La percentuale italiana risulta dunque molto lontana dalla media europea e dall’ultimo recente obiettivo che Bruxelles si è prefissato: far salire al 45% entro il 2030 la media dei giovani che ha completato l’istruzione accademica.
Una tendenza, quella di lasciare gli studi prima del tempo, che si materializza quindi non solo a livello di scuola secondaria, in particolare nel biennio iniziale delle superiori, ma che trova spazio anche negli atenei, soprattutto nelle facoltà scientifiche.
È tutto dire che diversi paesi europei detengono un numero di laureati praticamente doppio rispetto al nostro.
In testa alla classifica europea stilata in base alle quote dei laureati registrate nei singoli Paesi c’è Lussemburgo (61%), seguito da Irlanda e Cipro (entrambi 58%), Lituania (56%) e Paesi Bassi (52%). Questi Paesi, insieme a Belgio, Danimarca, Spagna, Francia, Slovenia e Svezia, hanno quindi raggiunto in anticipo l’obiettivo Ue.
Considerando l’intera popolazione dell’Unione europea, nel 2020 il 41% dei cittadini di età compresa tra 25 e 34 anni aveva completato l’istruzione universitaria nell’Ue.
Va sottolineato che le quota delle laureate (46%) è risultata decisamente superiore a quella degli uomini (35%).
Un divario di genere, ha scritto ancora Eurostat, sembrerebbe aumentato nel tempo: da 9,4 punti percentuali registrati nel 2011 a 10,8 nel 2020. La quota di uomini laureati è infatti cresciuta negli ultimi dieci anni, ma ad un ritmo più lento rispetto a quello delle donne.
Intervistata da Sky Tg 24, la ministra dell’Università e della Ricerca, Maria Cristina Messa ha detto che “l’Italia ha il dovere di invertire la tendenza rispetto al basso numero di laureati. Si tratta di un percorso lento e progressivo che dobbiamo iniziare a fare immediatamente”.
“Ci sono due azioni – ha aggiunto – che dobbiamo mettere in campo subito. La prima è quella di ampliare il numero di studenti e l’offerta formativa degli atenei, aiutando le famiglie che non hanno mezzi sufficienti per far studiare i propri figli. La seconda azione è quella di legare di più l’aspetto formativo con il mondo del lavoro”.
“Leggo spesso che l’industria ha bisogno di una serie di competenze e di posizioni lavorative ma spesso restano senza candidature valide”, ha concluso Messa.

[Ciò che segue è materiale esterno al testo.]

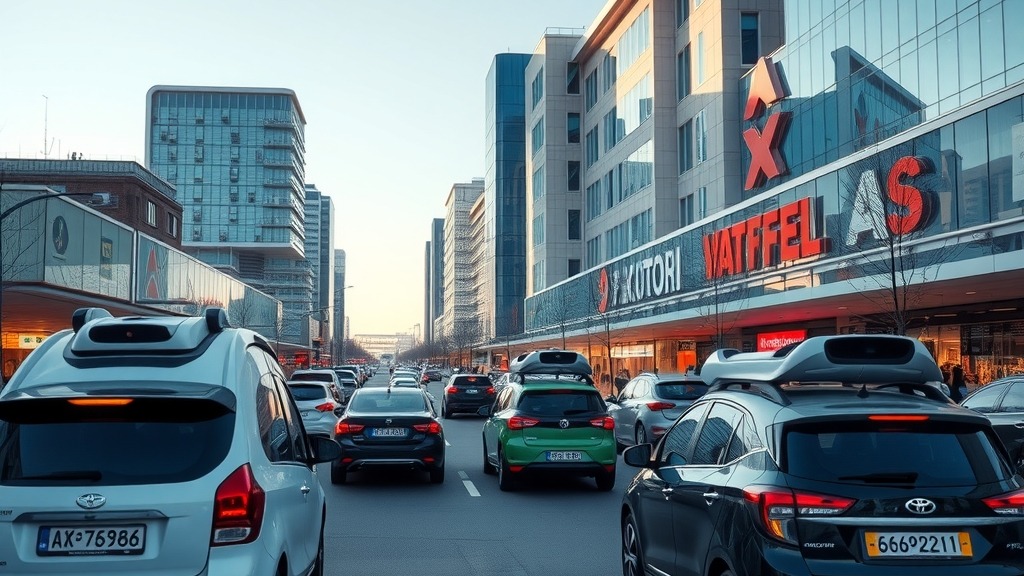 Carrefour de Zagreb avec des robotaxis et des piétons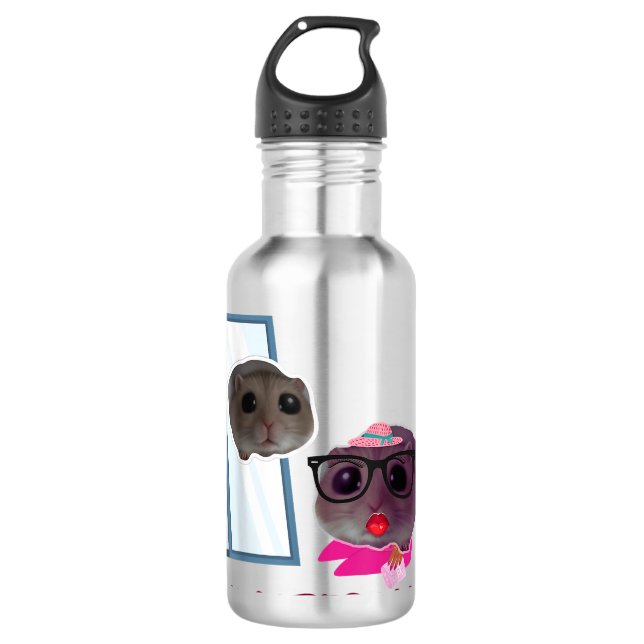 Bouteille D'eau Mème de souris triste Funny Hamster (Devant)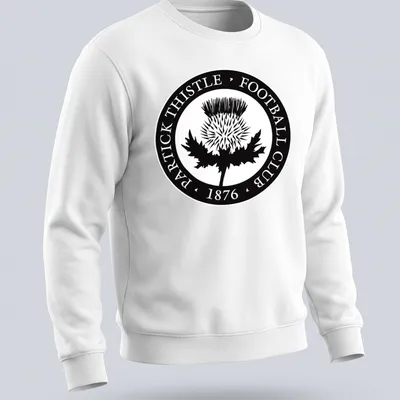Partick Thistle football club emblem in black and white on — printed on a unisex sweatshirt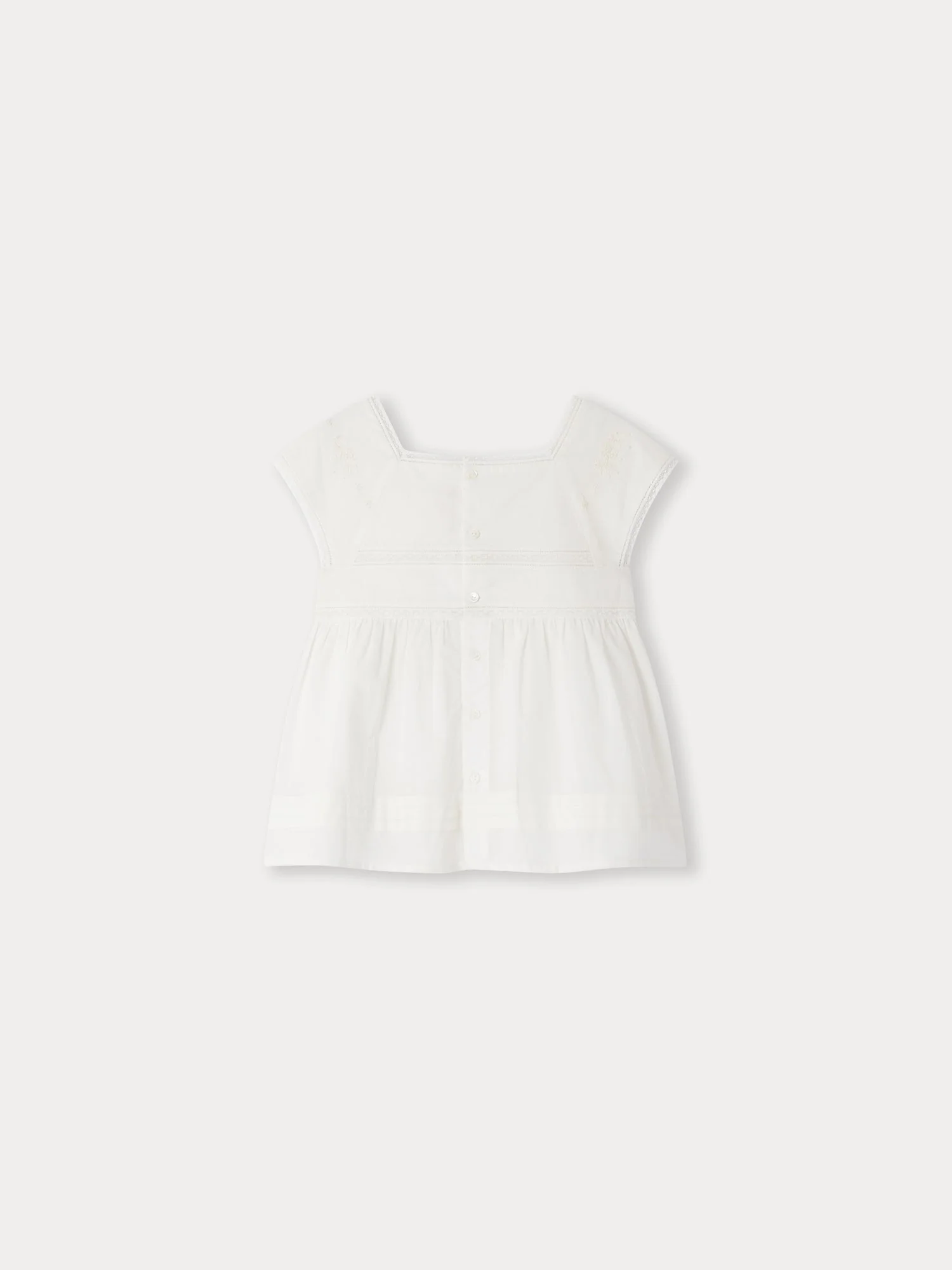 Girl | Flower Blouse | Milk White - Image 2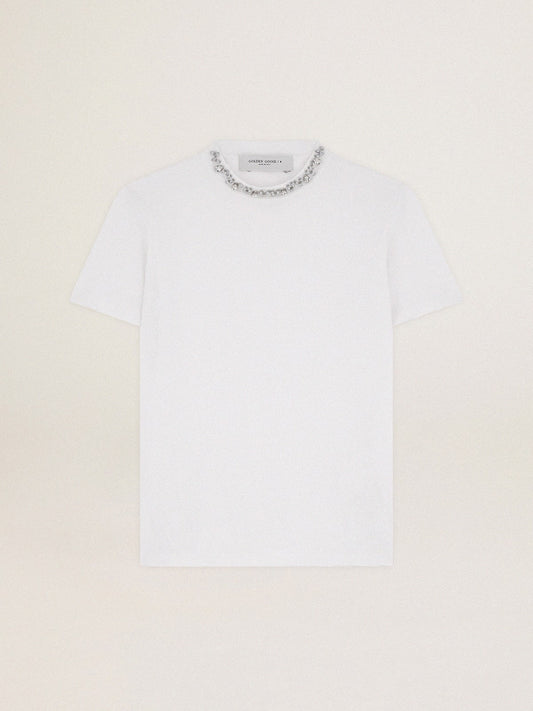 Women's white T-shirt with cabochon crystals | Golden Goose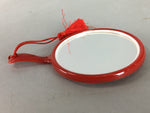 Japanese Hand Mirror Vtg Fabric Cover Red Gold KF305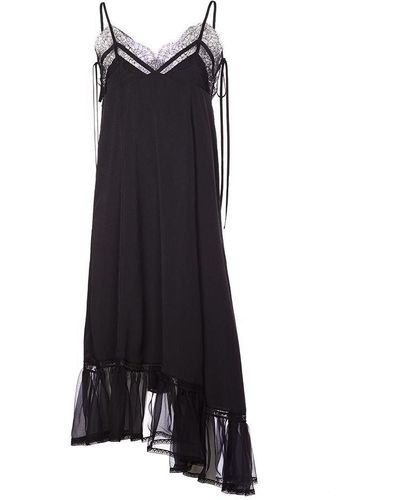 Dries Van Noten Lace-detail Asymmetric Sleeveless Midi Dress - Black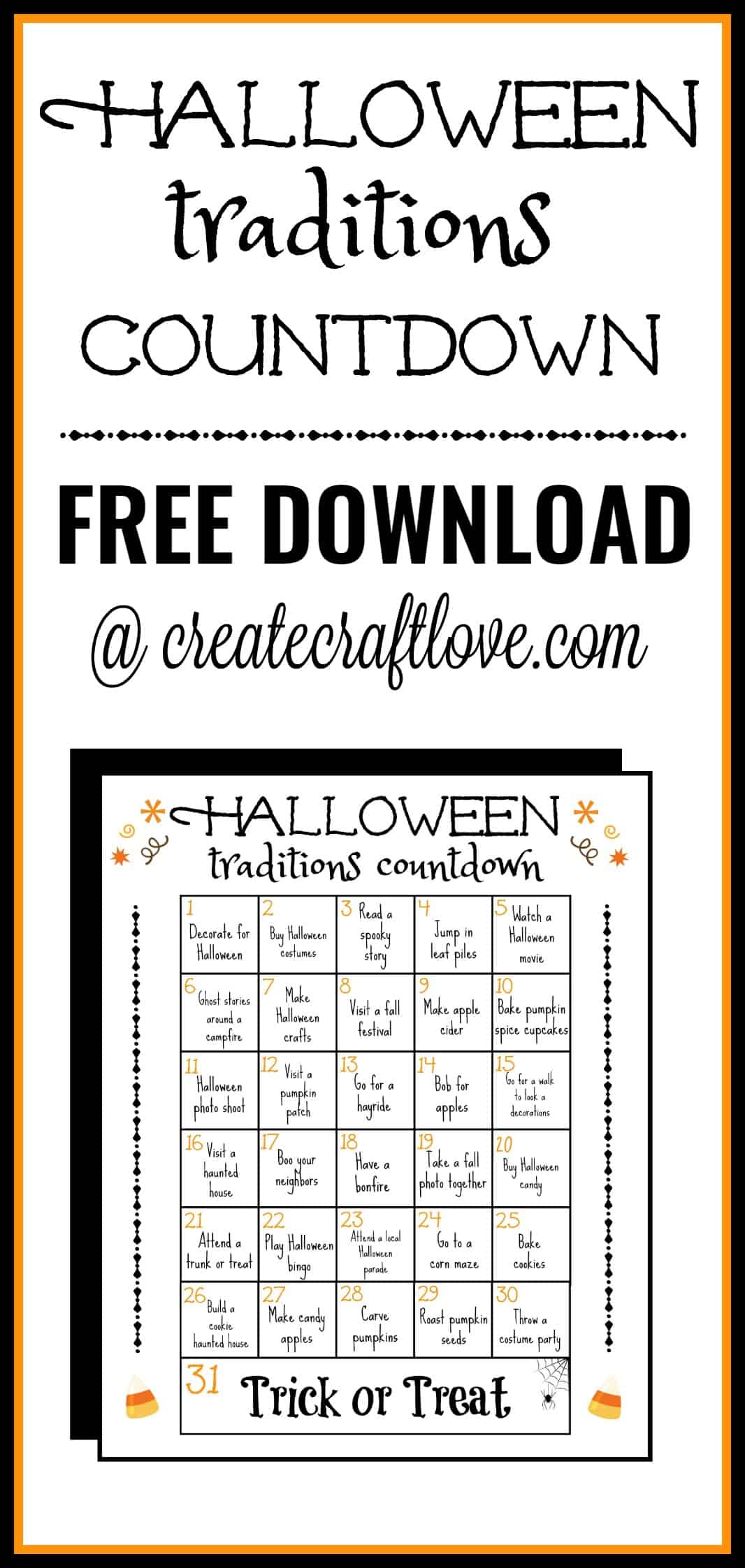 I put together this Halloween Traditions Printable to help you jump start your fall holidays traditions!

I dati Eurostat hanno anche messo in evidenza come in Europa sia aumentata negli anni la percentuale di chi ha terminato con successo gli studi universitari (con crescita però modesta in Italia).
Complessivamente, nell’Ue i laureati di età compresa tra 25 e 54 anni sono risultati essere mediamente il 36%, mentre quelli tra 55 e 74 anni si fermano al 22%.